Piccarda spiega a Dante che le anime che risiedono in questo cielo sono quelle che, per costrizione, non hanno potuto mantenere i loro voti, ma accettano serenamente la loro condizione, perché la loro volontà è completamente sintonizzata con la volontà divina. La loro beatitudine non è diminuita dal fatto di risiedere nel cielo più basso, poiché la loro gioia è perfetta in relazione al loro stato di grazia.
Il Tema del Libero Arbitrio e della Volontà
Il dialogo con Piccarda introduce un tema centrale del canto: la questione del libero arbitrio e della volontà. Dante è incuriosito da come le anime possano essere beate nonostante la loro apparente “diminuzione” nella gerarchia paradisiaca. Piccarda risponde con una spiegazione che tocca uno dei principi fondamentali della teologia dantesca: l’adesione alla volontà divina è la vera fonte di beatitudine. Le anime del Paradiso, indipendentemente dal grado di gloria, sono completamente appagate perché la loro volontà è perfettamente allineata con quella di Dio. In altre parole, la giustizia divina è così perfetta che ogni anima riceve esattamente ciò che è più adatto alla sua condizione e questo la rende pienamente felice.
Il Caso di Costanza d’Altavilla
Piccarda, a conferma delle sue parole, introduce un’altra figura, quella di Costanza d’Altavilla, madre dell’imperatore Federico II, anche lei costretta a lasciare il convento per ragioni politiche. Questo esempio rafforza l’idea che le circostanze esterne possono influire sulla vita di una persona, ma non sulla sua capacità di essere in armonia con la volontà divina. Dante, attraverso la figura di Costanza, continua a esplorare l’interazione tra destino e volontà, interrogandosi sul significato del sacrificio e della rinuncia.
Beatrice e l’Ordine Divino
Alla fine del canto, Beatrice fornisce ulteriori chiarimenti a Dante, spiegando che l’intero Paradiso è organizzato secondo un ordine divino in cui ogni anima trova la propria giusta collocazione. Il libero arbitrio gioca un ruolo essenziale nella salvezza, ma è sempre subordinato alla grazia divina, che conduce le anime alla loro perfetta realizzazione. Beatrice sottolinea come la giustizia divina sia assolutamente inappellabile e come ogni anima accetti il proprio stato con gioia e serenità, poiché ogni desiderio è appagato nella contemplazione di Dio.
Significato e Simbolismo
Il terzo canto del Paradiso affronta dunque temi complessi come la relazione tra libero arbitrio e destino, la giustizia divina, e la perfetta beatitudine delle anime, anche in circostanze apparentemente “meno favorevoli”. Dante, attraverso il dialogo con Piccarda e Beatrice, propone una visione teologica in cui la felicità eterna non dipende dalle condizioni esterne o dal rango celeste, ma dall’adesione completa alla volontà divina. Questo canto offre una riflessione profonda sulla natura della felicità e della giustizia nel contesto della visione dantesca dell’aldilà, dove ogni anima, nonostante il diverso grado di gloria, vive nella pienezza della beatitudine.
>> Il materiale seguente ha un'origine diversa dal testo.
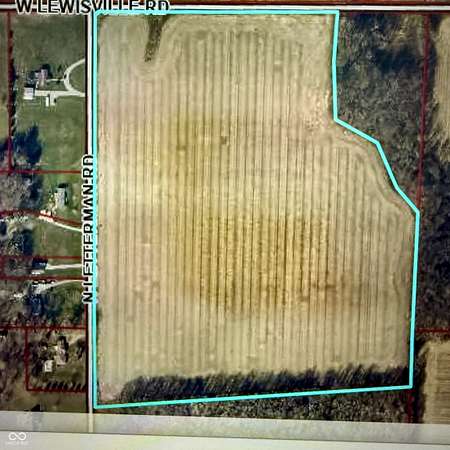 44.3 Acres of Agricultural & Residential Land for Sale in Paragon, Indiana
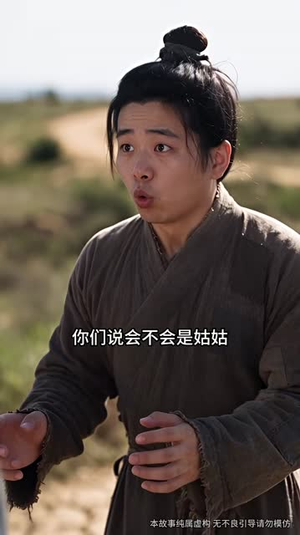 嫁将军卑微时躺赢人生第二季(131集) 嫁将军卑微时躺赢人生第二季(131集)在线看到大结局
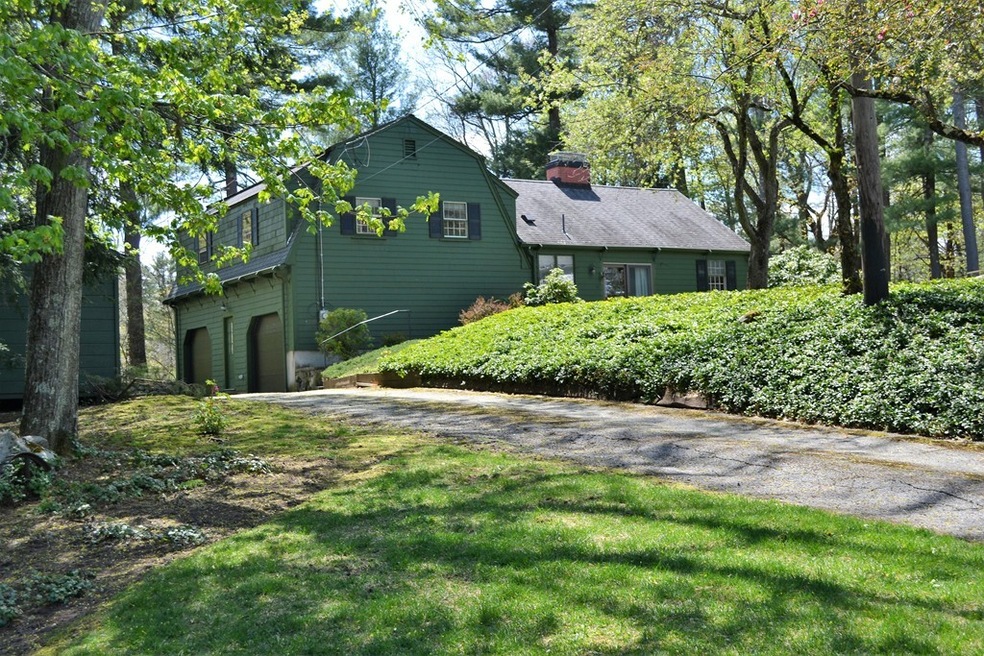 14 Westland Rd, Weston, MA 02493 - photo 1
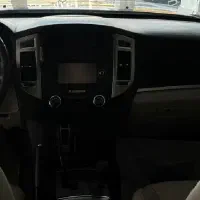 پاجیرو ۲۰۱۷ فول پلاتینیوم|خودرو سواری و وانت|آبادان, |دیوار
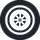 Tyre & Rim Bullet 1
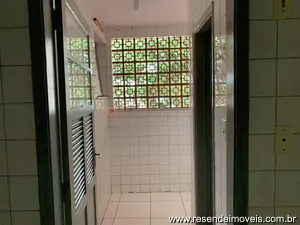 Apartamento para aluguel em Comercial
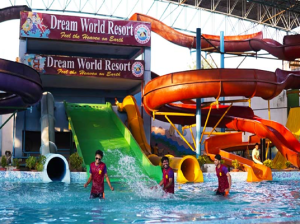 Dream World Amusement Park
In sintesi, il terzo canto del Paradiso non solo introduce Dante e il lettore alle prime anime beate del suo viaggio celeste, ma pone anche le basi per una comprensione più profonda del concetto di felicità eterna, in cui la volontà umana, quando perfettamente allineata con quella divina, trova la sua realizzazione completa.